Consider the problem of converting a gray-scale image into a binary image, while keeping as much as possible of the visual information. The two standard techniques are thresholding and dithering.
The goal of this note is to show that thresholding and dithering are just two points on a multidimensional continuum of binarization methods, that we call linear dithering.
original image | thresholding | dithering | linear dithering |
Thresholding at the right level is surprisingly effective. It is often possible to find a threshold that captures most of the relevant information in the image, even in the case of extreme lighting conditions. Yet, it is clear than for some images it will be impossible to find a single satisfactory threshold. Dithering (also called error diffusion) is aimed at representing all the possible gray levels of the original image, at the price of a small loss of resolution.
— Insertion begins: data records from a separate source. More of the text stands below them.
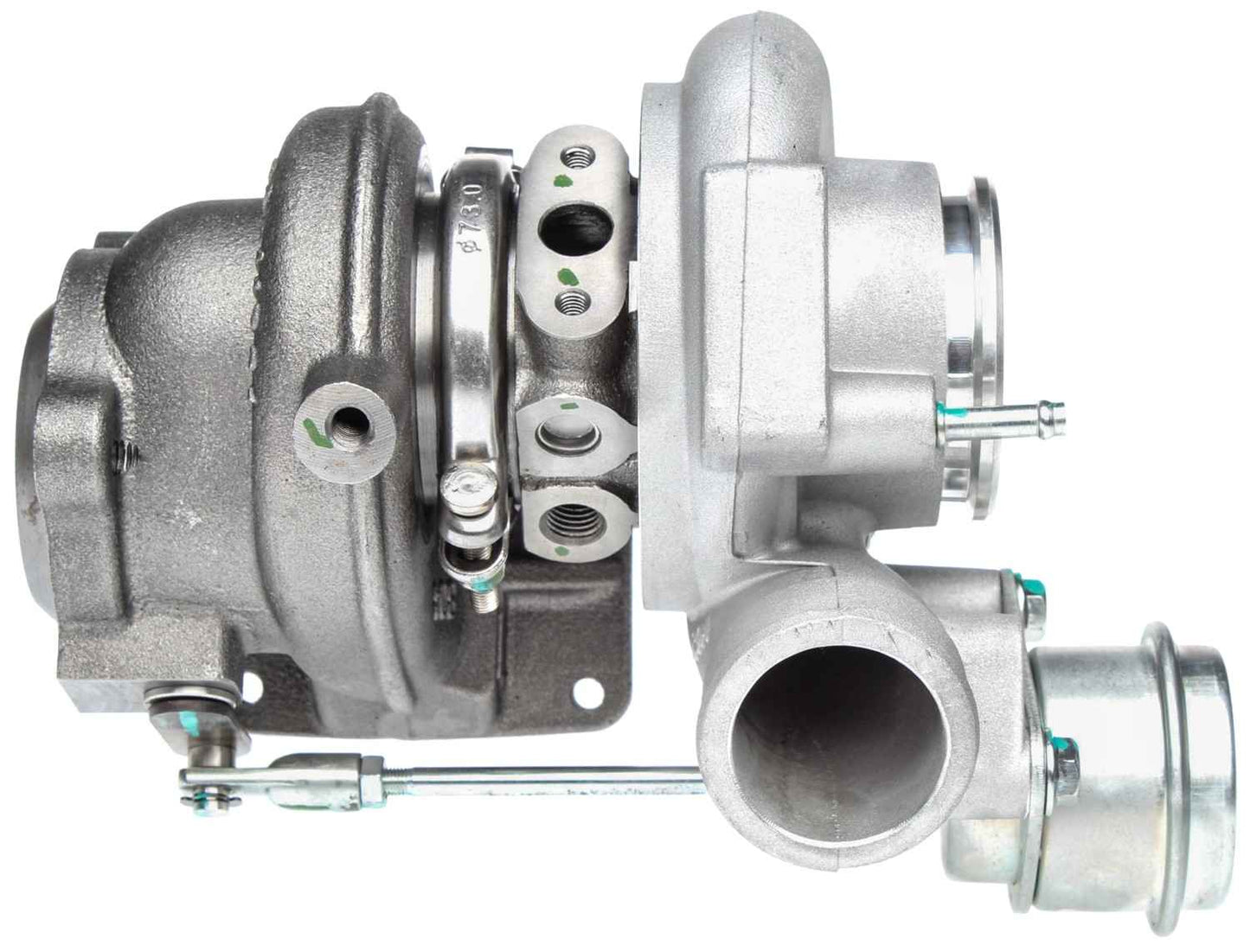 MAHLE Turbocharger 479TC20178100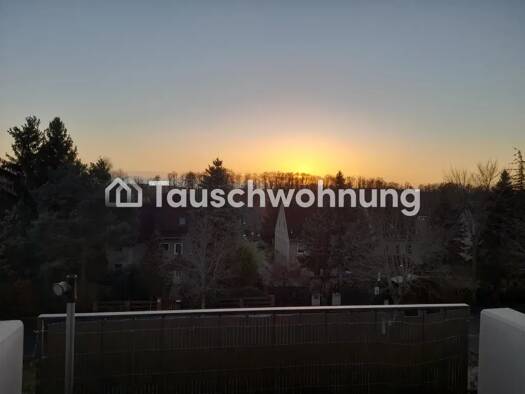 Wohnung zur Miete Tauschwohnung 450 € 1 Zimmer 40 m² 2. Geschoss Fahrland Potsdam 14476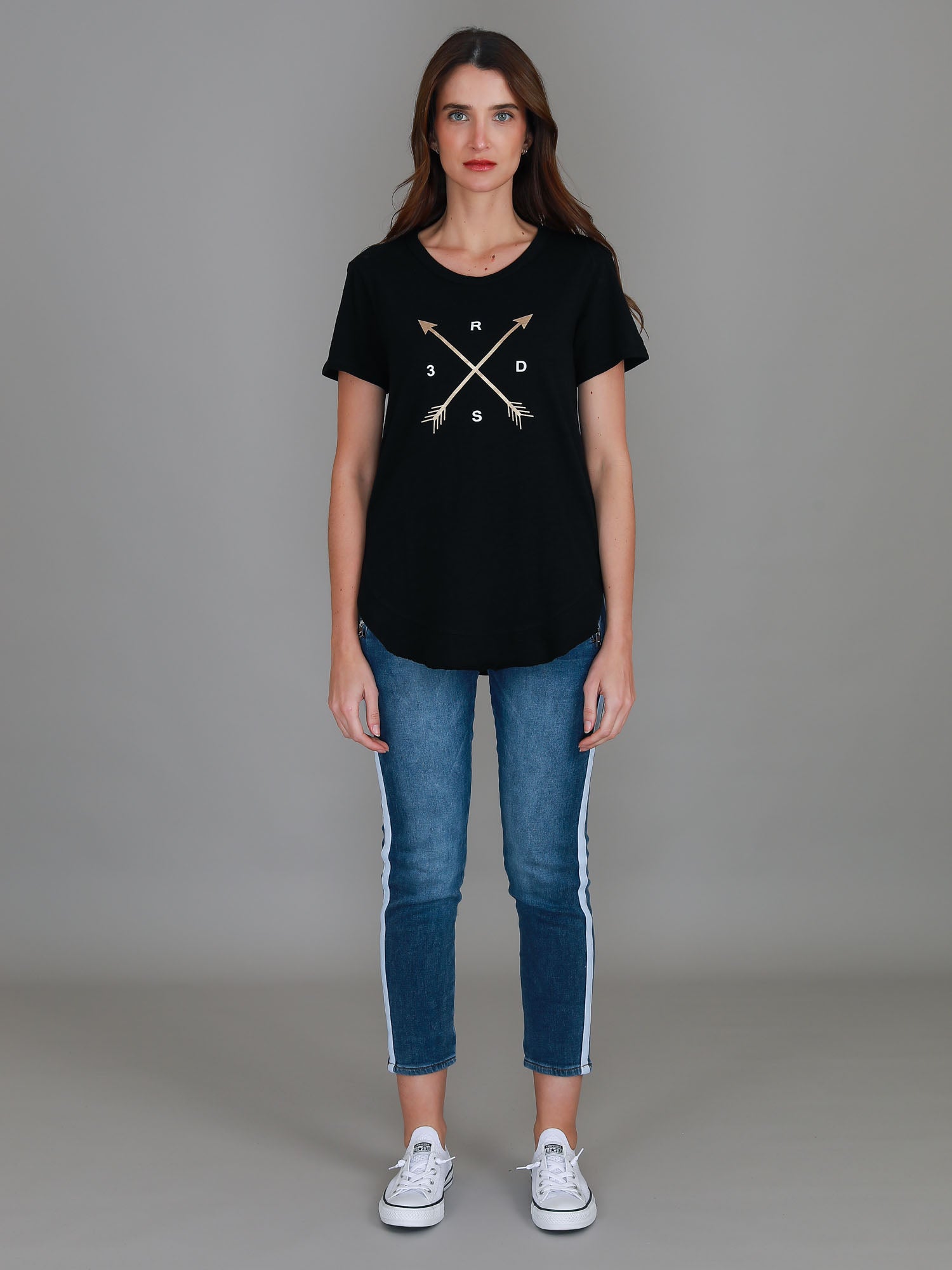 black tops womens #color_black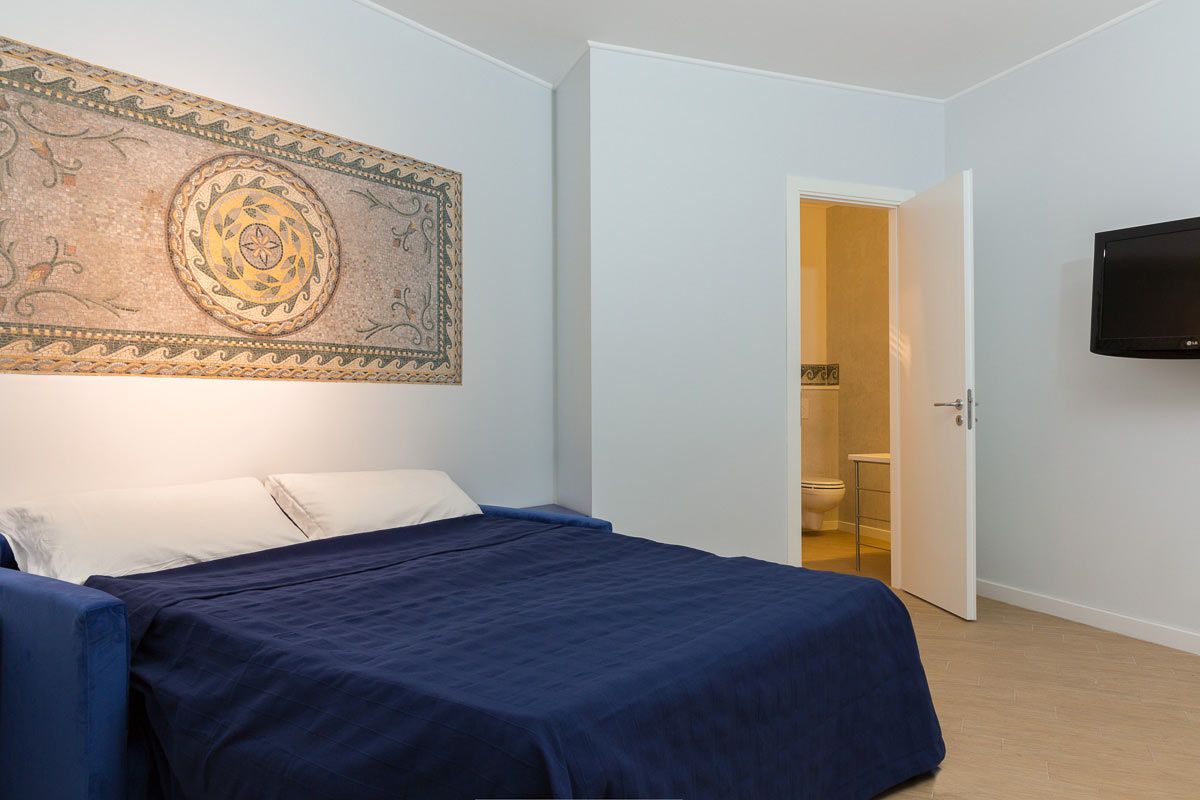 Medea Residence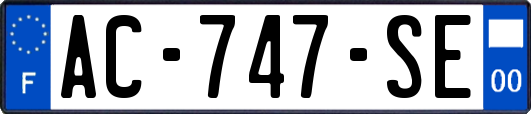 AC-747-SE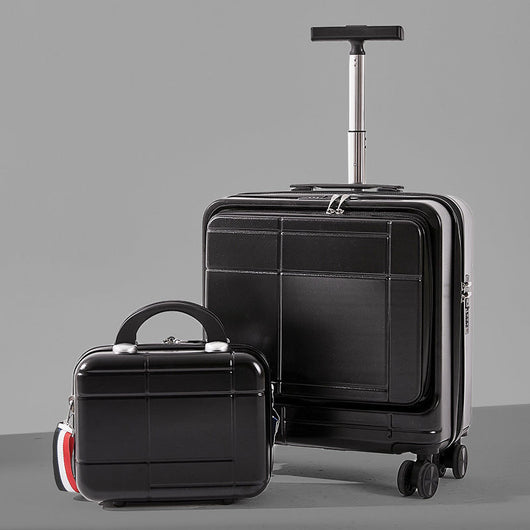 Maleta Ejecutiva Ultraligera con Ruedas - Image 15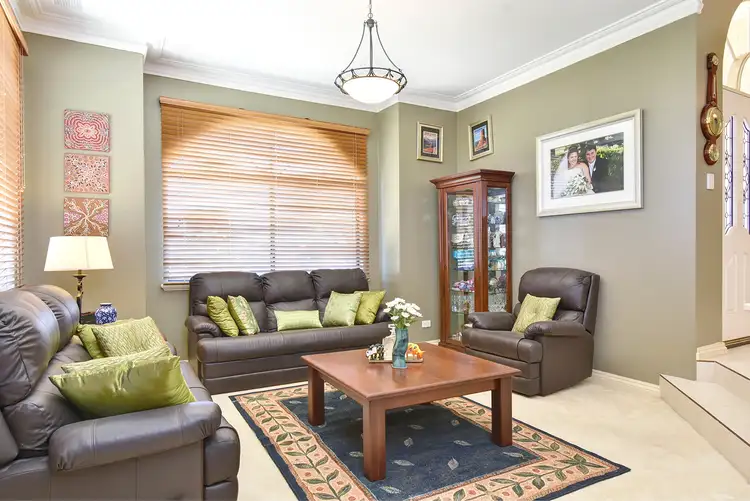 Sixth view of Homely house listing, 5 Henley Park Rise, Pearsall WA 6065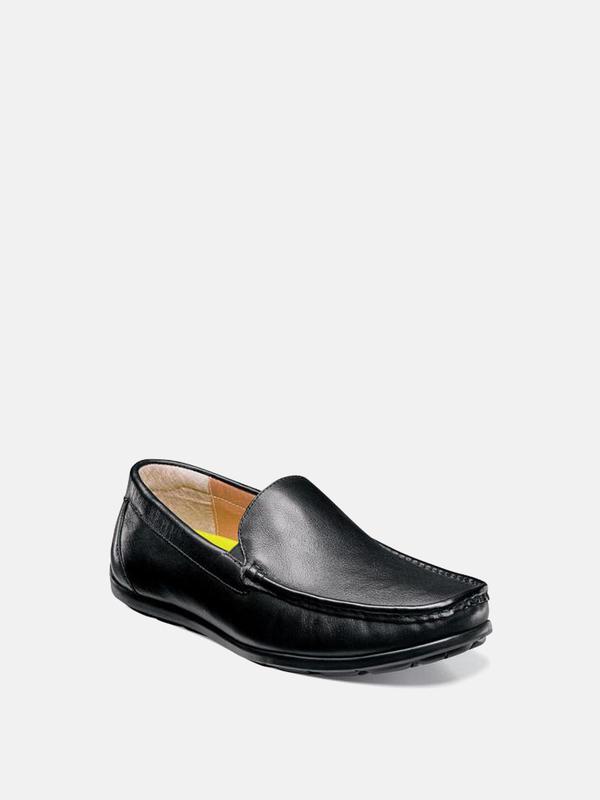 DRAFT MOC TOE VENETIAN DRIVER DRAFT MOC TOE VENETIAN DRIVER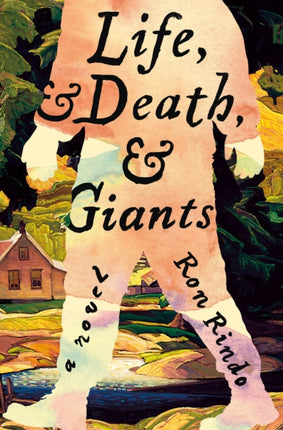 Life and Death and Giants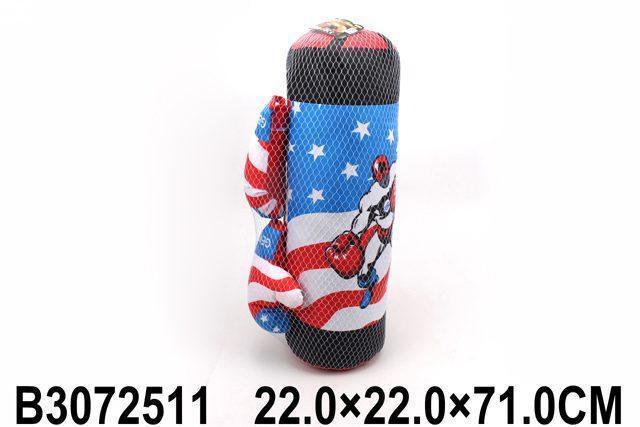 boks set 251104-K igračka za dečake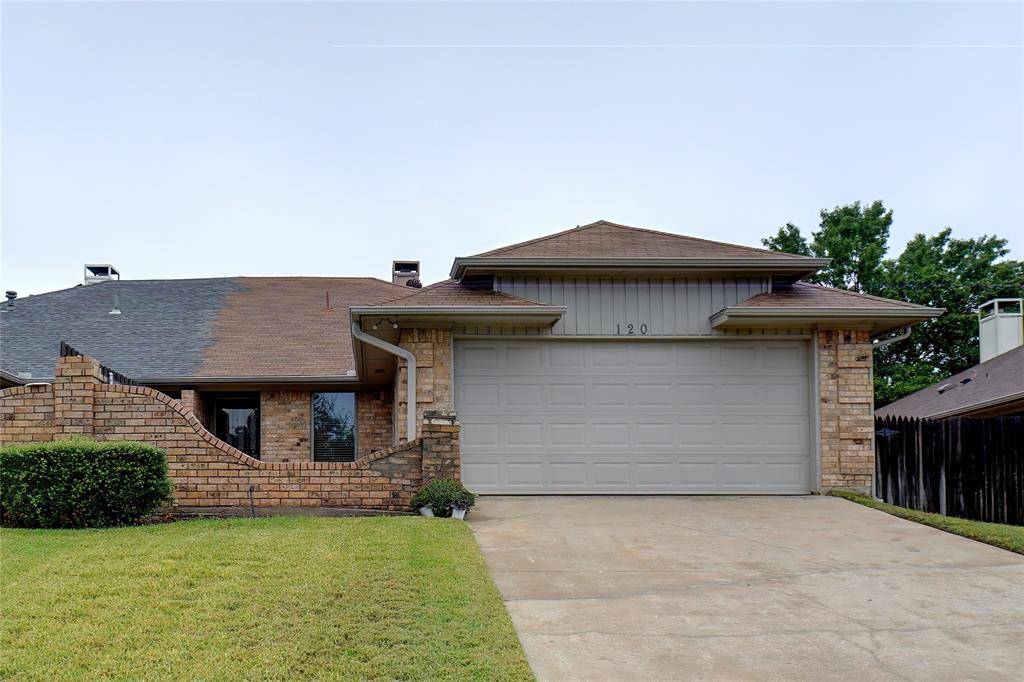 Bedford, TX 76021,120 Mountain View Drive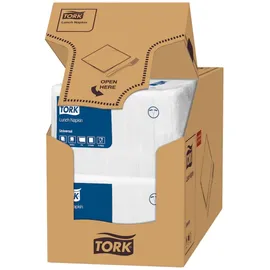 TORK Servietten, Universal 1-lagig 32 cm 8 500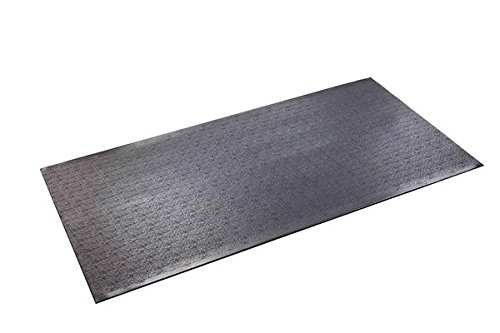 Review Of Best Rowing Machine Mat 29gs Solid P V C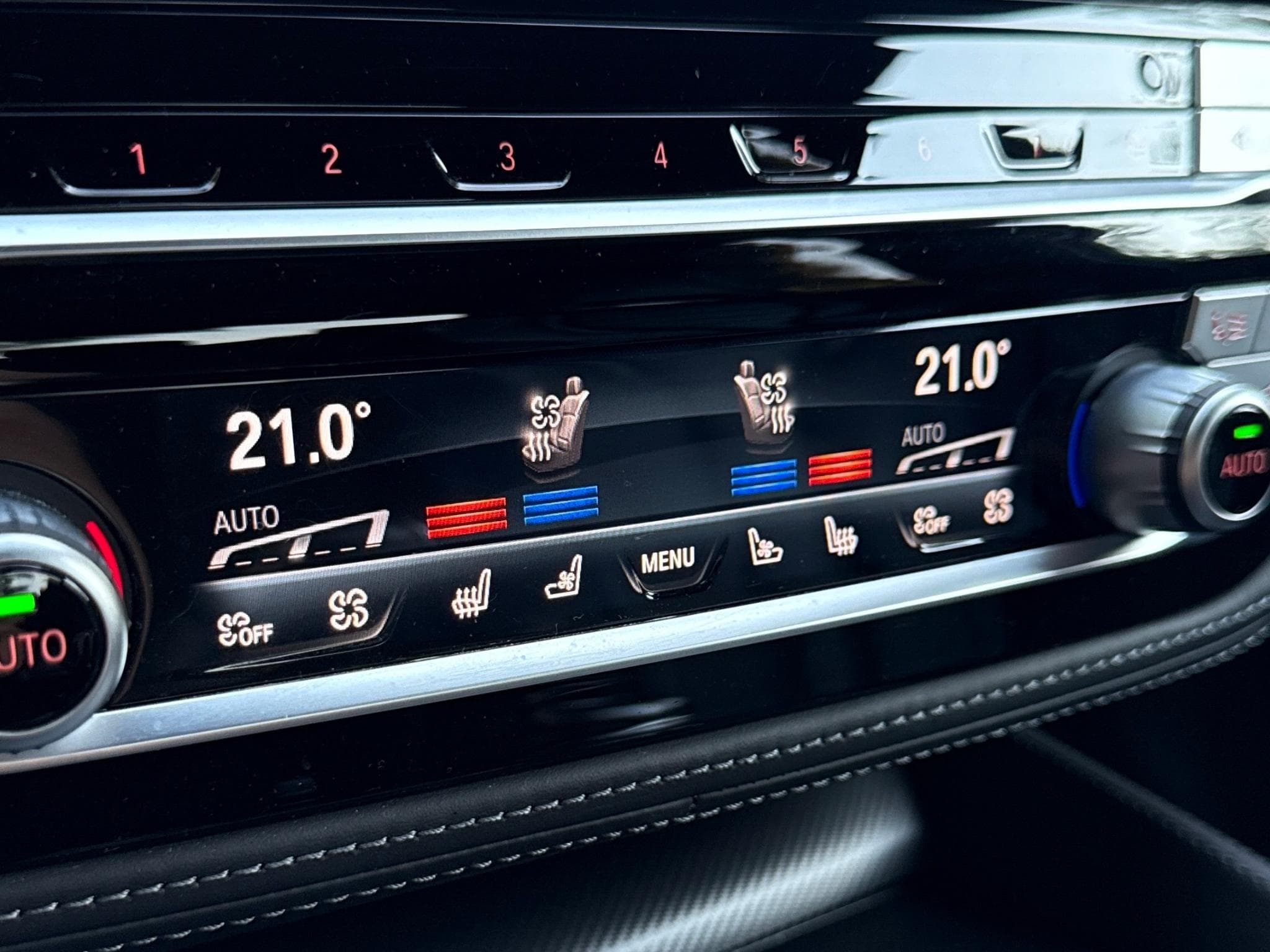 BMW M5 LCI Competition (2021) - Foto 6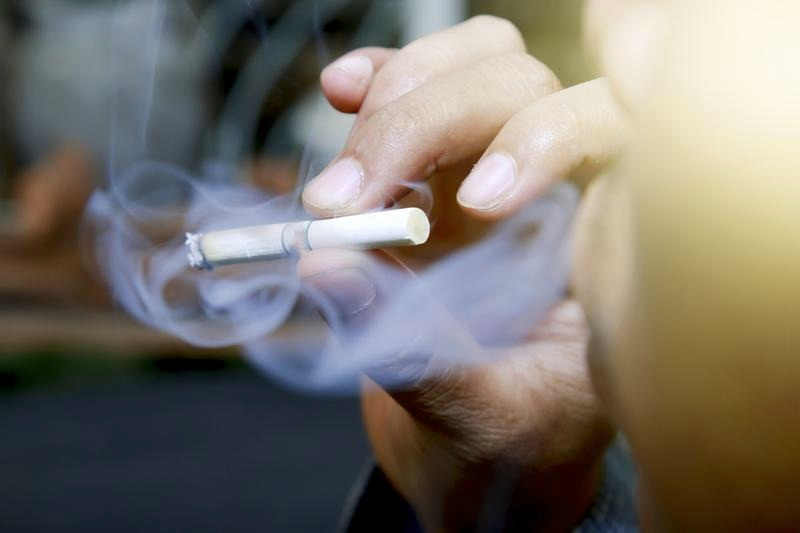 Zatrucie nikotyną: jak postępować i kiedy wezwać pomoc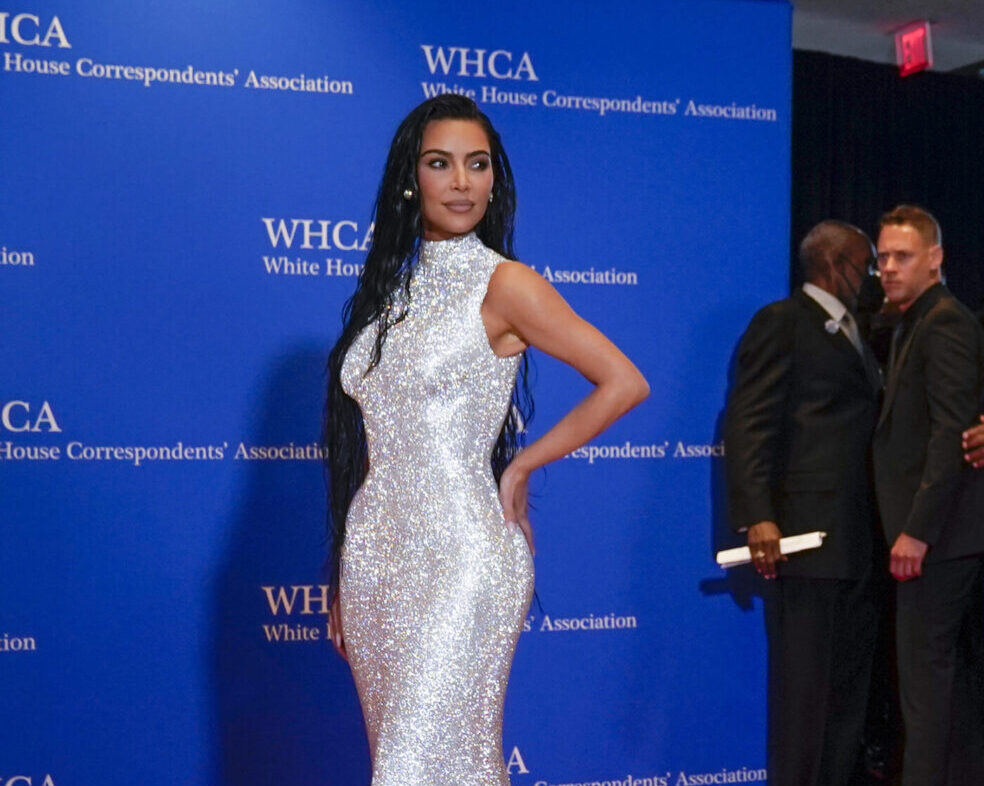 Kim Kardashian Heads to Broadway News: White House Correspondents Dinner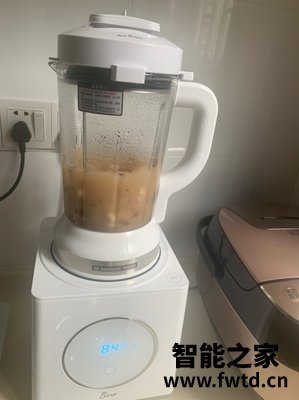 美国JESE洁氏破壁机100S质量评价骗局曝光?我后悔买晚了 美国JESE洁氏破壁机100S质量评价骗局曝光?我后悔买晚了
Look at this photo of a famous bongo player, for example. There is a strong spot light righto into his face, and the rest of the image is very dark. I would say that it is impossible to find a single threshold where the face and the hand are recognizable. Yet there is! And quite easy to find manually, around the value of 87, for example. We show also the results of Floyd-Sternberg dithering and the linear dithering described below. Notice that Floyd-Sternberg dithering destroys all the texture of the clothes, which is well-preserved by thresholding and linear dithering. (Too well-preserved, in the last case, as it enhances the jpeg compression artifacts of the original.)
plambda bongos.jpg "87 > 255 *" -o bongos-bin.png dither bongos.jpg bongos-dit.png plambda bongos.jpg x,l | blur z 0.25 | plambda - '0 < 255 *' -o bongos-lin.png
We can pre-process gray-scale images before dithering them. We consider two pre-processings: a contrast change by a function of the form $x\mapsto\tanh(\lambda x)/\tanh(\lambda)$, and a linear filtering of the original image that enhances its contrast. For simplicity, here we assume that our input images are of zero mean and take values on $[-1,1]$.
For the contrast change, notice two things. First, the $\lambda$-scaled $\tanh$ tends to a step function as $\lambda\to\infty$, and to the identity on $[-1,1]$ as $\lambda\to0$. Second, dithering a binary image produces exactly the same image. Thus, just by composing the dithering with a contrast change, we obtain a one-parameter family of methods that contains pure dithering and pure binarization as particular cases.
In the figures below, the first row contains the result of applying the contrast change, and the second row the dithering of each image.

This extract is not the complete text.